Brow Trek II - Gniew Szprota

Autor: Dexter

Występują:

Kacpitan Wódolej - Przemek
Główny Beerman ( Mechanik ) - Bartek
Wichrzyciel Komunikatywny ( Of. Komunikacyjny )- Ziemek
Główny Oficer Alkoholizacyjny ( Of. Taktyczny ) - Sansavi
Główny Oficer Odwykowy ( Of. Ochrony )- A.J.
Nawigatorus Abstynentus ( Of. Nawigacyjny )- Dexter
Główny Oficer Nałogowy ( Of. Naukowy ) - Scamp
Polewca Pokładowy ( Doradca ) - Adirm
Chief Kacus Medicus ( Of. Medyczny ) - Norbert
Ambasadorus Urombulus ( Korpus Dyplomatyczny ) - Matrox
i "mniej niż epizodyczne" : Ausir.

Data gwiezdna: 9912.25 (krótko przed wyzerowaniem daty).
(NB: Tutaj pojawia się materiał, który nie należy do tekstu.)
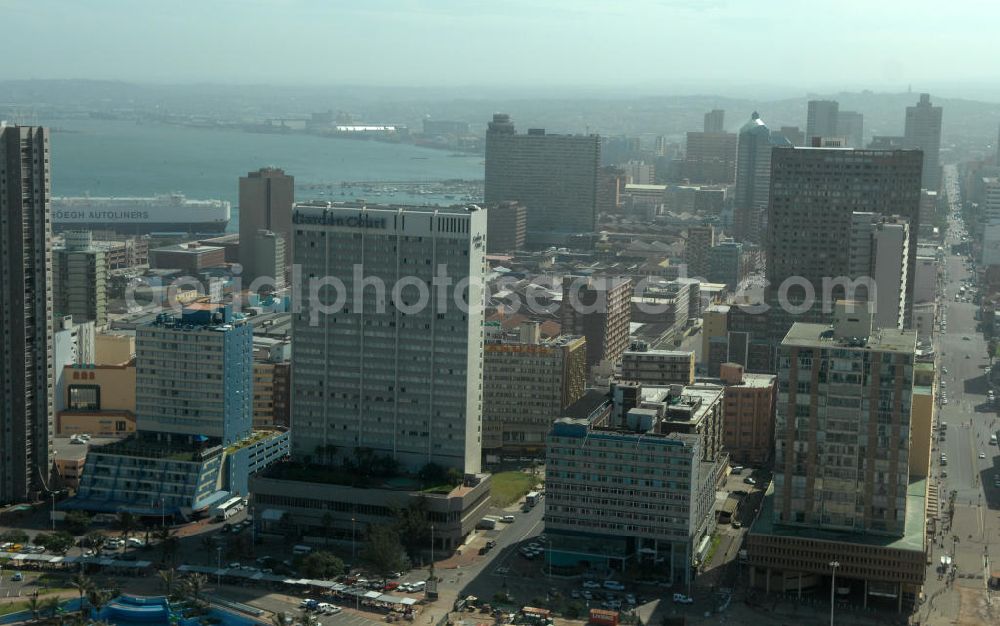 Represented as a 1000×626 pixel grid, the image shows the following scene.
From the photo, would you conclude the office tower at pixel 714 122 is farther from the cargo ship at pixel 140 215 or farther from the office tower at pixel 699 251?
the office tower at pixel 699 251

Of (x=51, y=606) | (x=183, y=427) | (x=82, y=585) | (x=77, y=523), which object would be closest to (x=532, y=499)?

Raport oficera naukowego Szprota (rasa Vulcanisator) z inspekcji na okręcie USS Browarek NX-0,5 L (klasa C2H5OH):

"Z rozkazu Dowództwa Floty przybyłem na pokład ww. okrętu z poleceniem przeprowadzenia inspekcji, istniało bowiem podejrzenie, że załoga nie stosuje się do żadnych regulaminów Floty." A więc...

- Witam na pokładzie w imieniu Kacpitana, niestety jest on niedysponowany i nie mógł podjąć Pana na pokładzie osobiście - powiedział na mój widok nawigator Dexter, Dexta czy jakoś tak.
- Witam, kiedy zobaczę się Kacpitanem?
- Tak szybko jak... wytrzeźwieje; to jest jak będzie... jak nie będzie w stanie wskazującym... mmm to znaczy jak lepiej się poczuje - wybełkotał Nawigator - Zapraszam na mostek - dodał lakonicznie, dostrzegając bezsens swojej poprzedniej wypowiedzi.

Po dotarciu na mostek spotkali tam oficerów: odwykowego i taktycznego próbujących zmajstrować coś przy konsolach sterowniczych. Na mostku był także obecny ciałem, ale nie duchem Wichrzyciel Komunikatywny. Dokładnie mówiąc leżał i spał na sofie kapitańskiej.

- Panowie Oficer Szprot na mostku ! - wykrzyczał Dexter.

Jedyną reakcją były mdłe spojrzenia rzucone przez AJ'a i Sansavi'ego, Ziemek nawet nie zareagował, no może coś wymruczał ale było w tym coś o Siedem z Dziewięciu, a już na pewno nie było nic o powitaniu inspektora.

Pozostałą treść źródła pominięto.